Short web captions:

=== Begin Enclosure ===

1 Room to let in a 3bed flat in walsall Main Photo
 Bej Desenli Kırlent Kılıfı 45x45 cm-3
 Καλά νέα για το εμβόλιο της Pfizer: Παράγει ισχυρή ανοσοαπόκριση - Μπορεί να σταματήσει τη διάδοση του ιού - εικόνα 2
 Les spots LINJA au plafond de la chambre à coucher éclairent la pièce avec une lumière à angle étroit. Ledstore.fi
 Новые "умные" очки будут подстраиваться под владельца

=== End Enclosure ===

Exercise details
Each record is to be reproduced exactly as it appears.

Answer to the exercise
1 Room to let in a 3bed flat in walsall Main Photo
 Bej Desenli Kırlent Kılıfı 45x45 cm-3
 Καλά νέα για το εμβόλιο της Pfizer: Παράγει ισχυρή ανοσοαπόκριση - Μπορεί να σταματήσει τη διάδοση του ιού - εικόνα 2
 Les spots LINJA au plafond de la chambre à coucher éclairent la pièce avec une lumière à angle étroit. Ledstore.fi
 Новые "умные" очки будут подстраиваться под владельца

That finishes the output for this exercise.